[Tensorize] Support conditions inside tensorize scope

Hi all,

Currently, we are working on the tensorization for some abstracted intrinsics. Once tensorized, another pass can do the HW intrinsics selection.

So, in the tensorize step, we do not care about any tail loop iterations (uneven split cases).

Here is a test case to do that.

import tvm
from tvm import te

def intrin_vadd(xo, m, n):
    x = te.placeholder((n,), name="vx")
    y = te.placeholder((n,), name="vy")
    if m % n == 0:
        body = lambda i: x[i] + y[i]
        body = lambda i: tvm.tir.Select(xo * n + i < m, x[i] + y[i], tvm.tir.const(0, dtype=x.dtype))
    z = te.compute(x.shape, body, name="z")

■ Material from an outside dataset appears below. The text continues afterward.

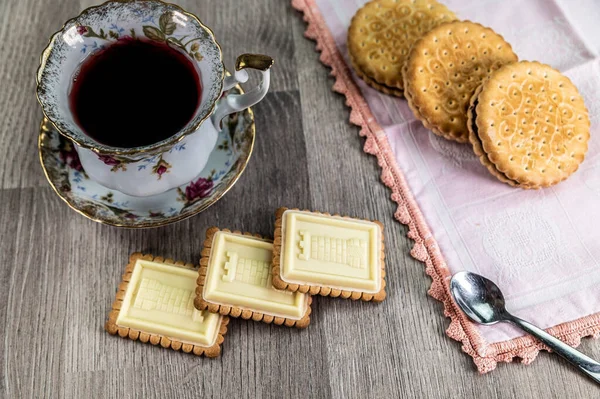 Combinação Comida Com Chá Biscoitos Uma Mesa Madeira Cima — Fotografia de Stock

    def intrin_func(ins, outs):
        xx, yy = ins
        zz = outs[0]
        return tvm.tir.call_packed("vadd", xx, yy, zz)

    buffer_params = {"offset_factor": 16}
    return te.decl_tensor_intrin(z.op, intrin_func, default_buffer_params=buffer_params)

def add(m):
    x = te.placeholder((m,), name="x")
    y = te.placeholder((m,), name="y")
    z = te.compute(x.shape, lambda i: x[i] + y[i], name="z")
    return x, y, z

def check_cache_write(m, factor):
    x, y, z = add(m)
    s = te.create_schedule(z.op)
    _, _ = s[z].split(z.op.axis[0], factor=factor)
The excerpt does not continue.